→ What needs to be done:
Transcribe, leaving out every picture, the lines that run from the start of the listing below through the line with "Cozy home. Beautiful".
==== Records shown ====
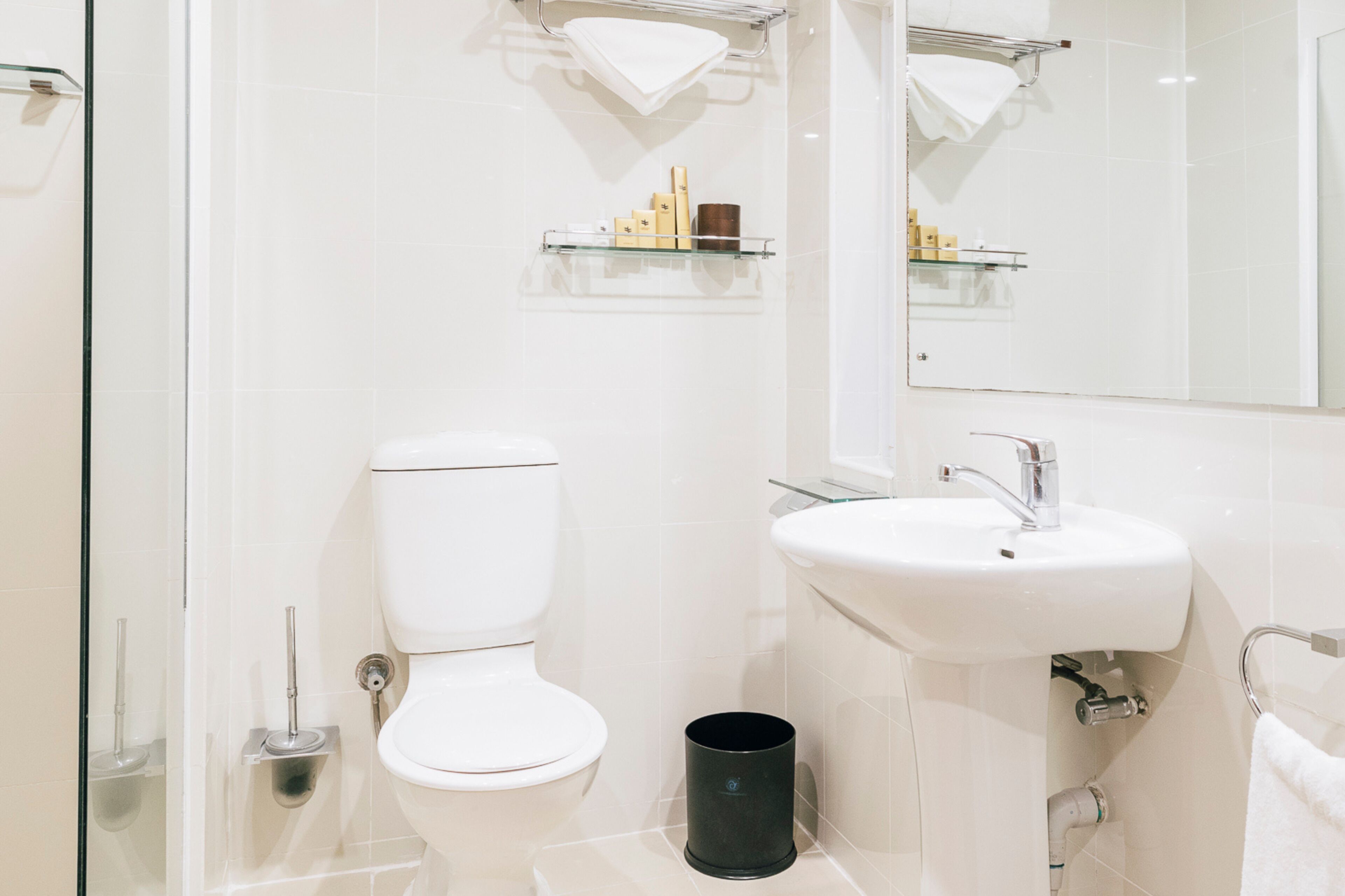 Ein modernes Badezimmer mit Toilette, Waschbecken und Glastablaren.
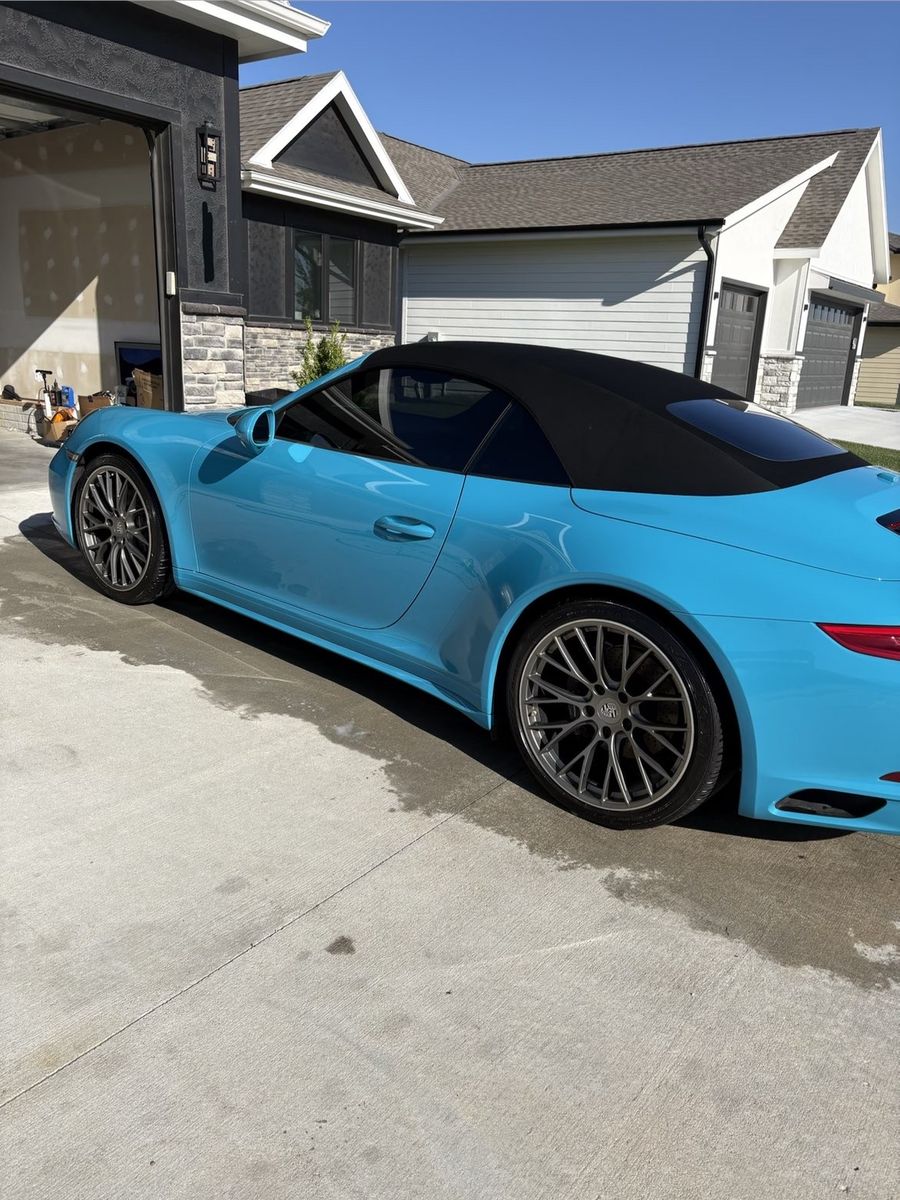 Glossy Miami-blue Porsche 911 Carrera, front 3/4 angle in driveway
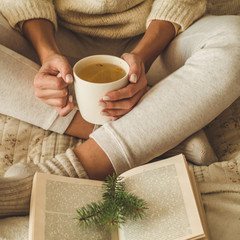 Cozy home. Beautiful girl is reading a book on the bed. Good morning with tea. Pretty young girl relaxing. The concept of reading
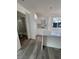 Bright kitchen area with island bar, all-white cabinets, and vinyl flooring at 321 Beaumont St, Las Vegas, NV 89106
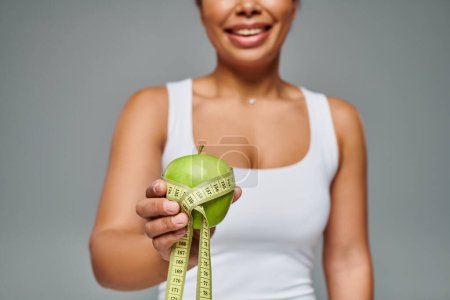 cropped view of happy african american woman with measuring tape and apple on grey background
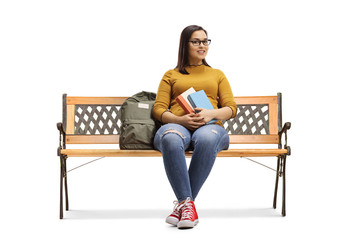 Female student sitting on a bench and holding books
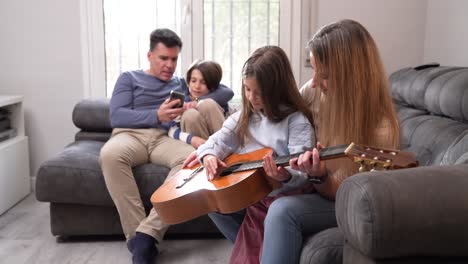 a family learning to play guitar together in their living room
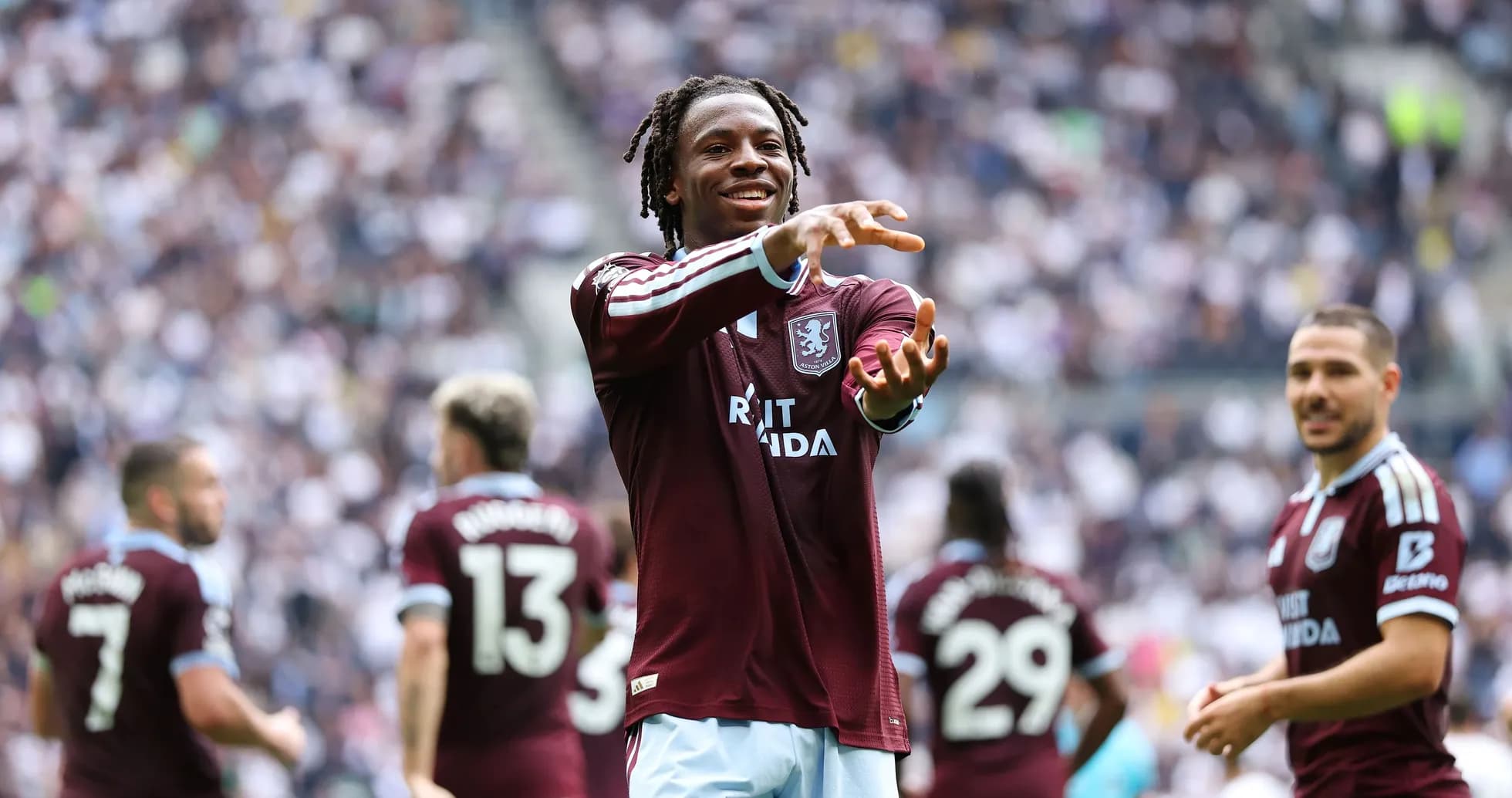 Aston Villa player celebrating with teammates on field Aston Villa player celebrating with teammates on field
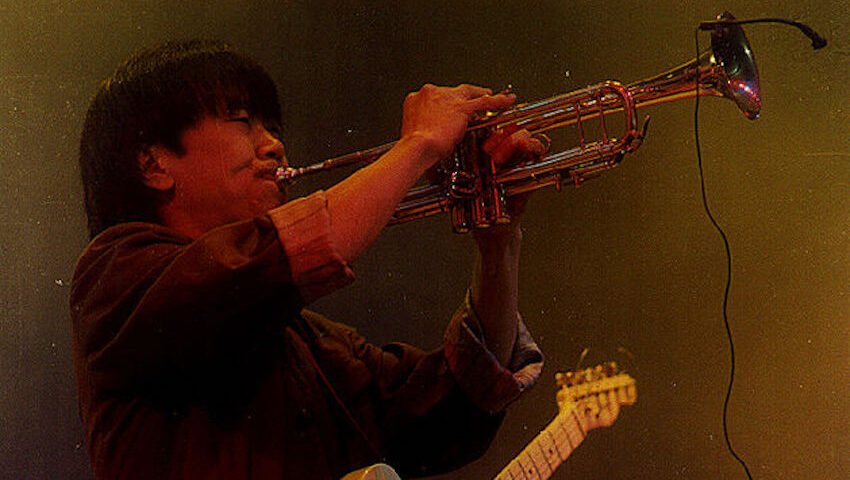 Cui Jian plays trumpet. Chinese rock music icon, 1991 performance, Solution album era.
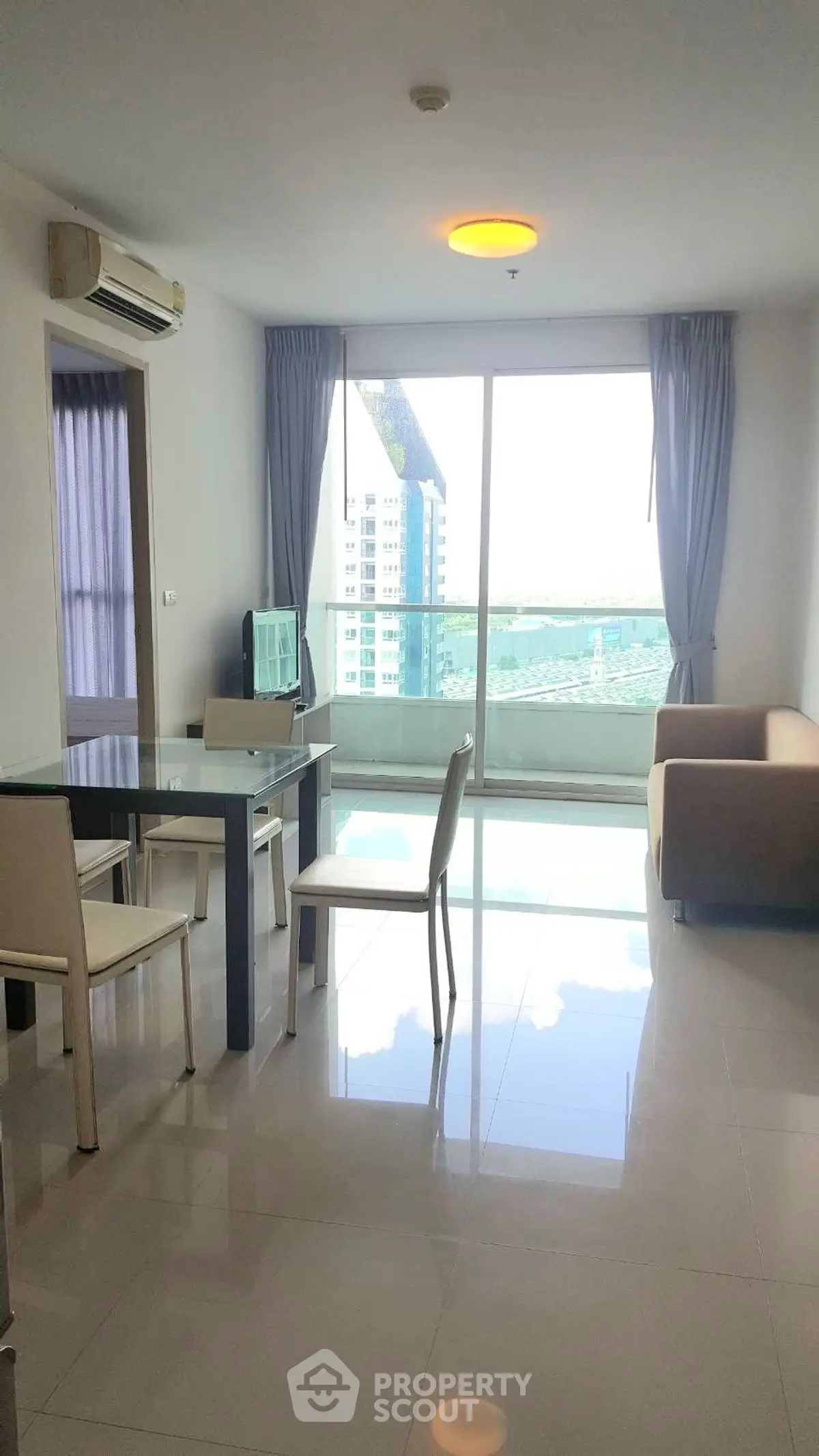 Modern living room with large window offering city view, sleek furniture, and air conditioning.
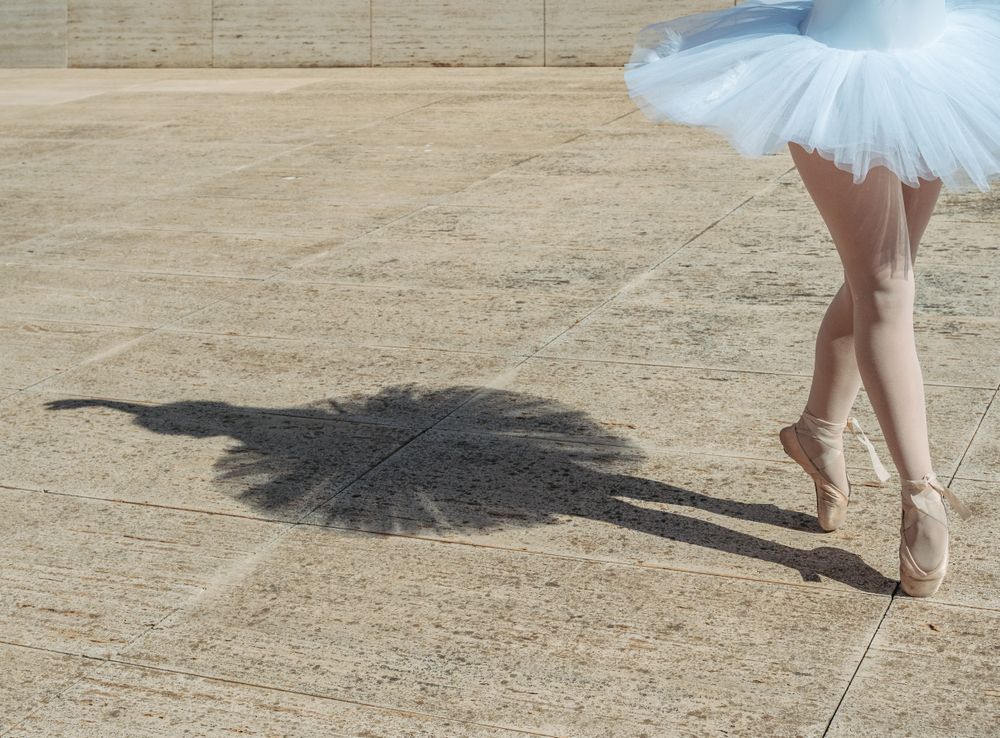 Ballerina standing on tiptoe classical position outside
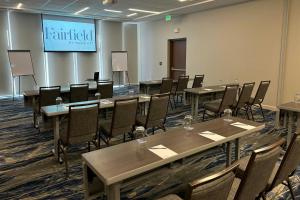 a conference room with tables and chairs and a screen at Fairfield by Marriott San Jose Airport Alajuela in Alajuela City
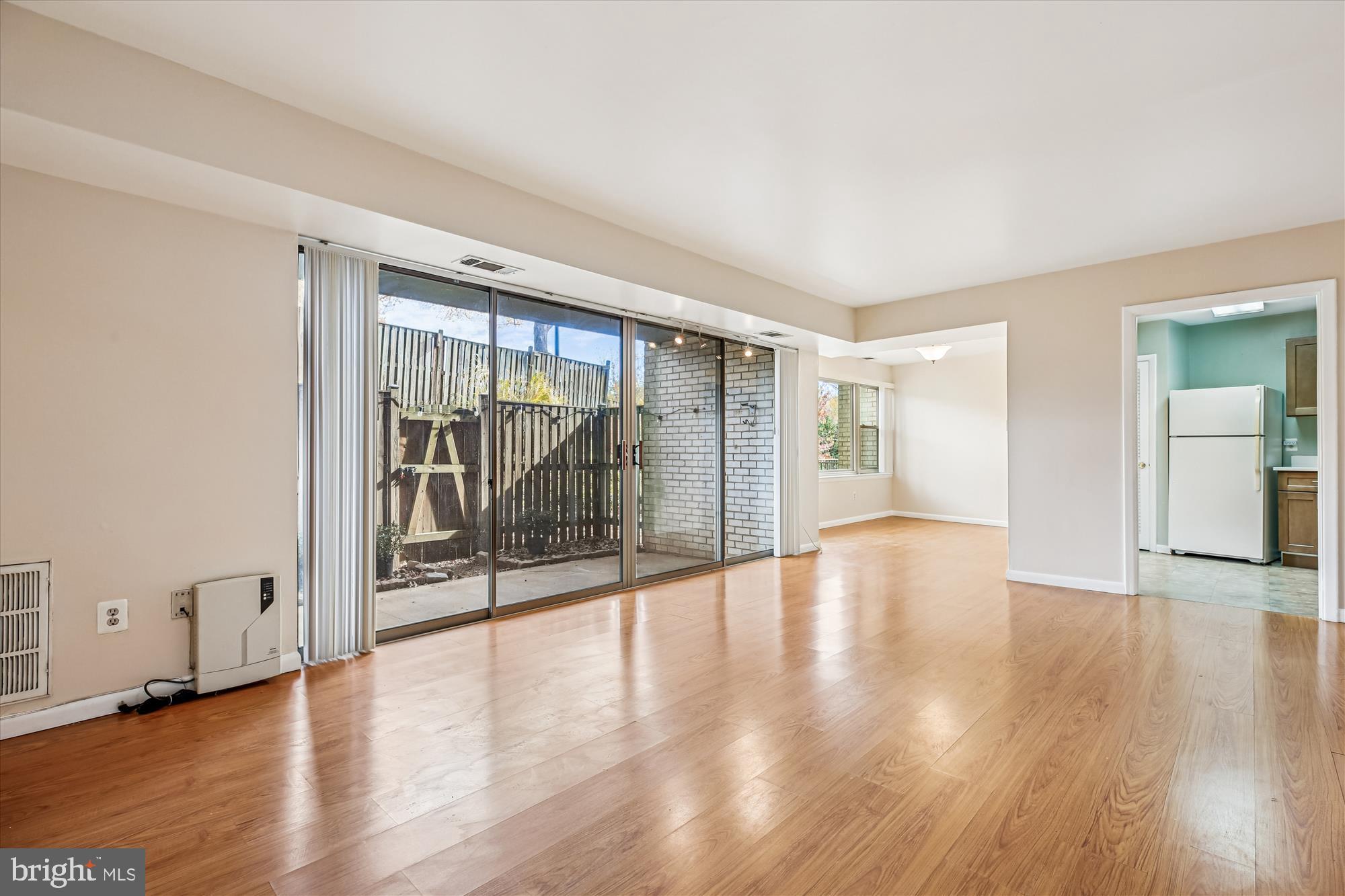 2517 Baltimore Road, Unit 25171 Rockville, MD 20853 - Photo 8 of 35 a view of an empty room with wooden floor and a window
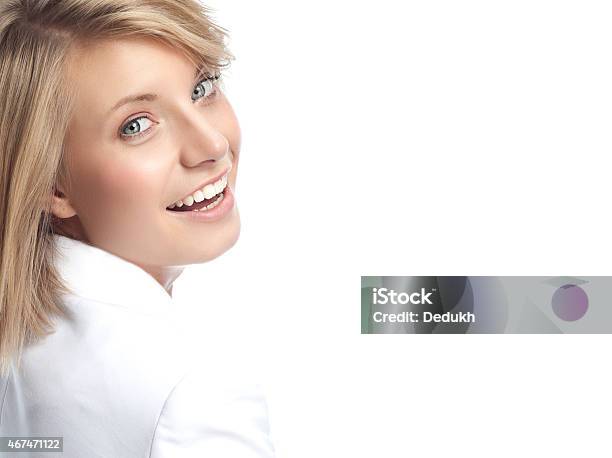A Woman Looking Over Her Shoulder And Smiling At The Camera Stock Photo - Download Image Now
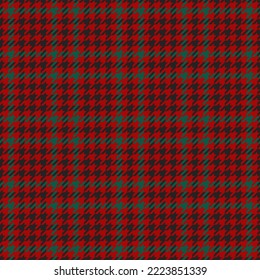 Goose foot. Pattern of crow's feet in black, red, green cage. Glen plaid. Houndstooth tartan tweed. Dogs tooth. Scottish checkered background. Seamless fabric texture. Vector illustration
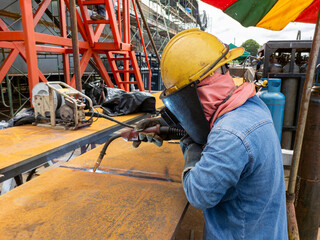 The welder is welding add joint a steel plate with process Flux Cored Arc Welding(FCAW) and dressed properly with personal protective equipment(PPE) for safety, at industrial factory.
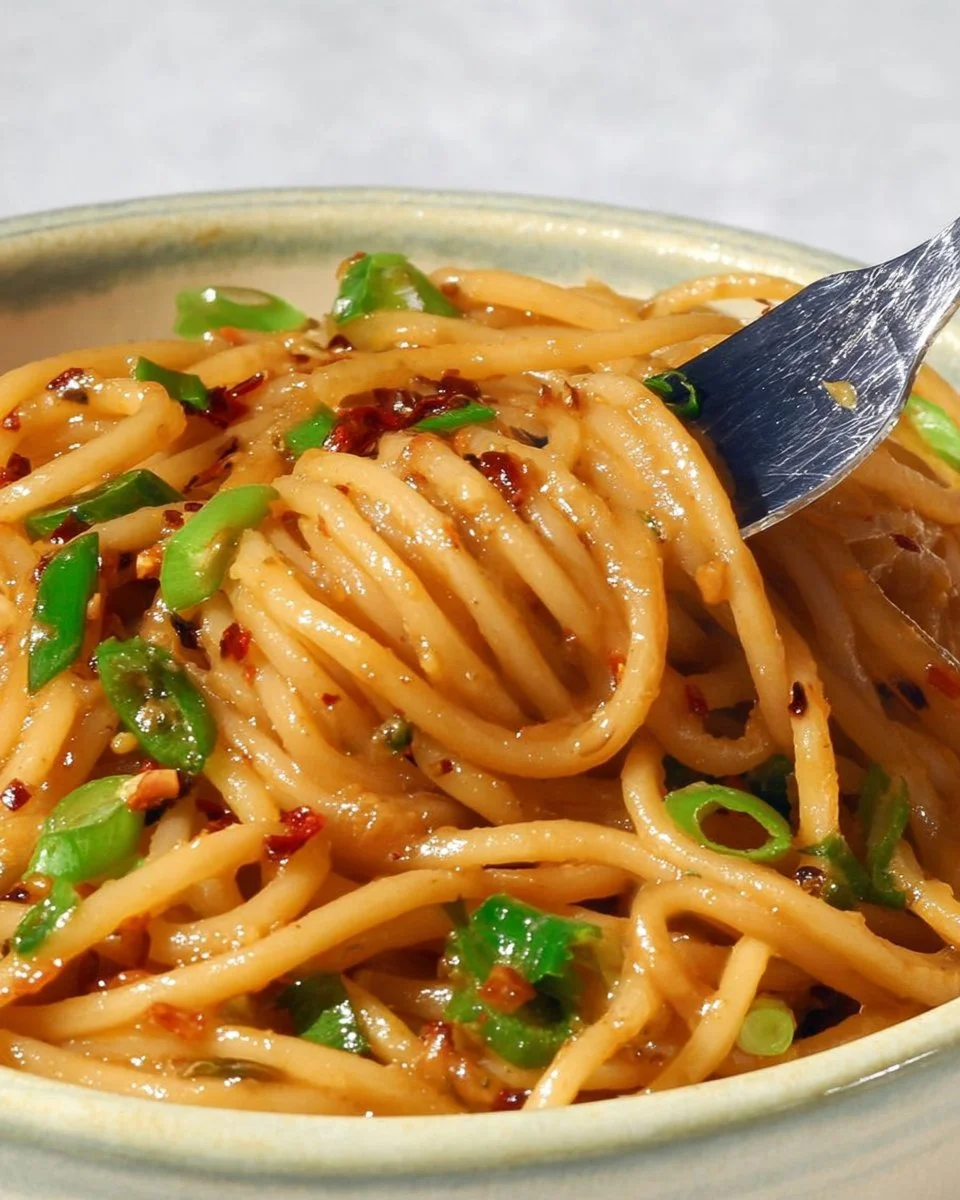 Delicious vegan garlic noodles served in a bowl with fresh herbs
====
→ Solution:
 Ein modernes Badezimmer mit Toilette, Waschbecken und Glastablaren.
 Glossy Miami-blue Porsche 911 Carrera, front 3/4 angle in driveway
 Cozy home. Beautiful girl is reading a book on the bed. Good morning with tea. Pretty young girl relaxing. The concept of reading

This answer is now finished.